Advanced Placement courses are undeniably demanding. Since they are designed to mimic introductory college-level courses, AP classes tend to build on previous knowledge, are fast-paced and require several hours of homework per week.
While there are many reasons to take an AP course — to challenge yourself, earn college credit, explore an area of interest — following through and enrolling is not always the right decision.
From time to time, you may find yourself feeling overwhelmed by an AP class and therefore wanting to withdraw from it. But before you make this important decision, consider these three factors:
— Whether you can enroll in a comparable, more suitable course.
— Whether the root of the problem is fixable.
— Whether dropping will affect your college applications.
Whether You Can Enroll in a Comparable, More Suitable Course
Your first to-do item if you are considering dropping an AP class is to ensure there is a comparable lower-level course available to you. Not all high schools can afford to offer an AP, honors and regular-track version of the same class — or even one with similar content. Factors like the school’s budget and student demand play into course availability.

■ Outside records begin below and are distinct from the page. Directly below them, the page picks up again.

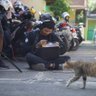 Aldi Kurniawan 的头像
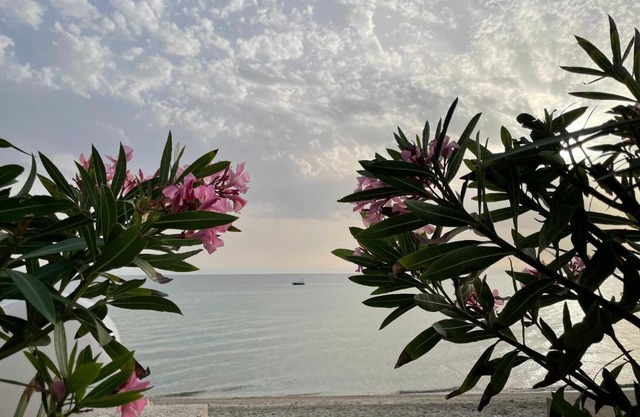 Sweet dreams at the seaside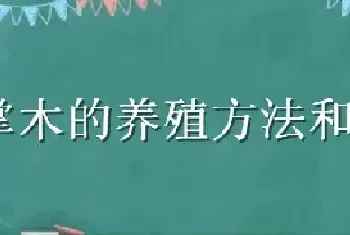 鸭掌木的养殖方法和注意事项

Schedule a visit with your guidance counselor to find out what options you have. Your guidance counselor can also clue you in on information relevant to your academic profile, such as whether dropping an AP course will affect your class standing. This may happen, for instance, with seniors whose ability to fulfill a science, math or other type of requirement would be jeopardized if they dropped an AP course without replacing it with a comparable option.
Whether the Root of the Problem Is Fixable
Reflect on what has led you to weigh dropping an AP class. Earning low grades and falling behind on homework, for instance, are not causes — they are the effects of a deeper issue. To figure out the root cause of your situation, keep asking yourself “Why?” until you reach a final answer.
This introspection is necessary so that you can determine whether the problem is fixable or not. If you fell behind on homework because of poor time management skills, the problem is fixable. For example, you can manage your time better by following a strict predetermined schedule and setting alarms for yourself. In cases where the issue is fixable, consider making applicable changes instead of dropping your AP course.
On the other hand, if you fell behind on homework because you have other mandatory after-school commitments, the problem may be unfixable. Thus, dropping the AP class may be the best decision. If you are unsure about whether the problem is fixable or not, ask your AP instructor for his or her candid opinion.
Whether Dropping Will Affect Your College Applications
College admissions officers look at a host of factors when assessing whether to accept or deny an applicant. One of those factors is the courses you are enrolled in.
You can thus imagine how it might affect admissions officers to find out that you dropped one or more courses that had an influence on your admissions decision. It is always best to be honest by letting your prospective colleges know about changes in your schedule.
Another point to bear in mind is that admissions decisions are generally contingent upon your performance during your senior year. If a disastrous grade in an AP class is likely to negatively affect your GPA, dropping it may be wise. But do that only after weighing these three factors.